I tend to agree with Jon.  On Windows, this is required behavior, and we
should enforce it.  On Unix, the OS is going to open fd's 0-2
automatically.  In order for them to no longer be opened when the
program is run, the programmer must have done something to close them.

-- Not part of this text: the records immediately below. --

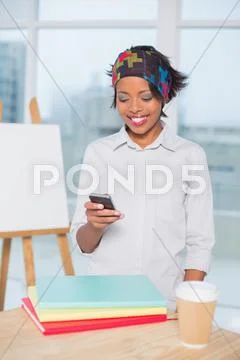 Smiling artist using her phone Stock Photos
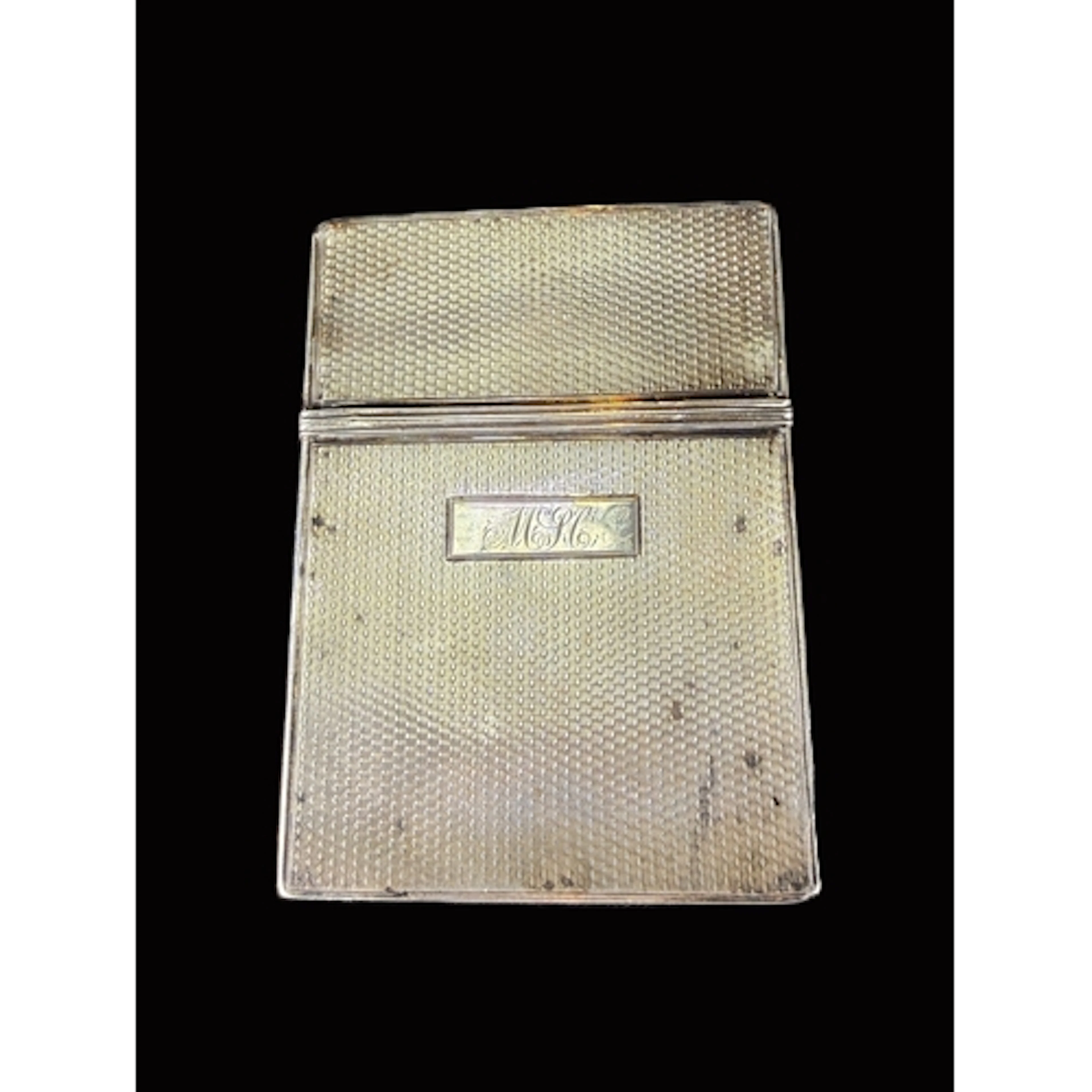 An engine turned rectangular hallmarked silver card case, mo...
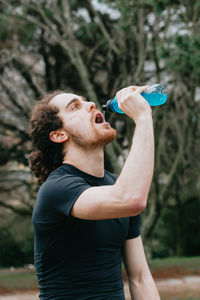 Young woman drinking water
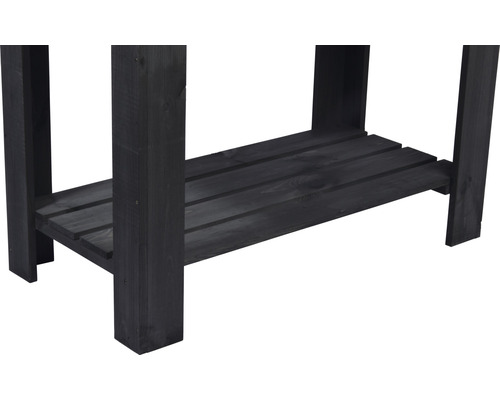 Vue détaillée d''une table de plantation en bois noire avec espace de rangement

On Windows, the function should exist and it should open the fds.  On
Unix, the function should exist, but it should be a no-op.

Ryan

----------------------------------------------
Ryan Bloom                  [EMAIL PROTECTED]
645 Howard St.              [EMAIL PROTECTED]
San Francisco, CA 

> -----Original Message-----
> From: William A. Rowe, Jr. [mailto:[EMAIL PROTECTED]
> Sent: Sunday, April 14, 2002 2:44 PM
> To: Sander Striker
> Cc: Sascha Schumann; Jon Travis; dev@apr.apache.org
> Subject: RE: Unix missing fd 0..2, Win32 service missing stdin/out/err
> handles
> 
> At 04:39 PM 4/14/2002, Sander Striker wrote:
> > > From: Sascha Schumann [mailto:[EMAIL PROTECTED]
> > > Sent: 14 April 2002 22:46
> >
> > >     do {
> > >         fd = open("/dev/null", O_RDWR);
> > >     } while (fd < 3);
> > >     close(fd);
> >
> >And this is what most daemons (mostly) do.  We could create a
> >convenience function for this.  I don't think it should be default
> >apr behaviour though.  APR is a library.  Libraries shouldn't
> >take options away from users.
> 
> Notice -where- I suggested we put this code.
> 
> apr_initialize() performs library initialization.  It doesn't care
what
> program
> is using the APR features.
> 
> apr_app_initialize is -required- on win32 to compensate for Unicode,
> windows services, and the console 'signals' API.
> 
> An application -entirely- APR-centric Will use apr_app_initialize to
> compensate for whatever platform it was built-for/running-on.  If this
is
> platform compensation, Sascha and I are only suggesting that a typical
> app (daemon or not) will -prefer- this behavior at -invocation-.
> 
> If that app then closes fd 0..2, we don't care.  I'm absolutely -not-
> suggesting that we would ever want to test that apr_file_open()
doesn't
> return an fd 0..2.  Only for startup of an app that we don't know
-who-
> has invoked us, or what a broken daemon-manager has overlooked.